Entered through a marble portal on its northwest wall, the prayer hall is surmounted by a single dome, which measures about eight meters in diameter. The transition to the dome is achieved with four squinches over an octagonal drum pierced with four arched windows. The prayer hall has nine casement windows - two on each wall with an additional window on the southeast wall.
Each casement is topped by an arched window with a different colored glass composition, and a circular window is placed above the mihrab. The simple marble mihrab has a muqarnas hood. Muqarnas carvings were also used to highlight the springing of the squinch arches. The wooden minbar is a modern replacement.
Tomb
The tomb chamber, which measures about four meters by four and a half meters, is attached to the prayer hall. It is entered from the outside from northwest, but opens into the prayer hall with a grilled archway.

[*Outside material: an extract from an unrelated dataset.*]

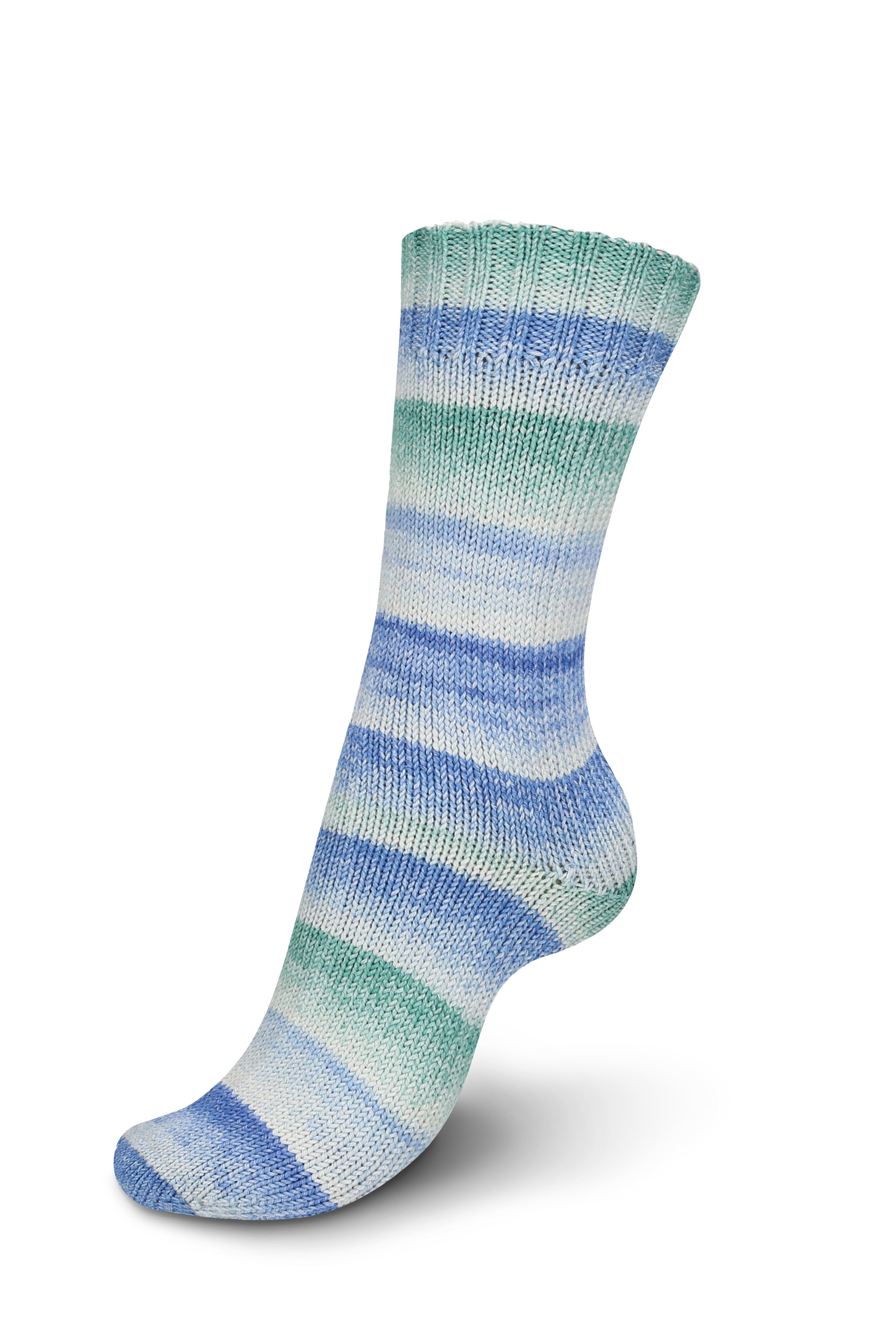 02484 larkspur color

The chamber is crowned by a mirror vault at the height of the prayer hall drum. It has three casement windows facing the Bosporus and nine upper windows on three walls, adorned with colored glass. Decoration is limited to the stalactite carvings of the portal and painted floral and geometrical motifs on the mirror vault. Although its portal inscription was lost, inscriptive plaques over the archway in the prayer hall were preserved. The tomb, like the mosque, is made of cut stone.
Madrasa
The L-shaped madrasa has twelve domed cells and a large classroom, all fronted by an arcade whose shed roof is carried by nineteen columns. Cells are placed all in a row except at the northern end, where a single cell encloses the arcade before the seawall. The classroom, which is seven meters square, occupies the center of the western wing of and projects beyond the madrasa wall. It is surmounted by a dome carried on squinches and raised on an octagonal drum.
There are six windows on three of the classroom's walls, leaving the western wall for a furnace and two shelving niches. Each madrasa cell has two windows, a furnace and one or two shelving niches. The arcade was enlarged following the restoration and the madrasa was refurnished to house a library in 1953 with the classroom use as the reading room. An additional room with privy cells is attached at the end of the southern wing.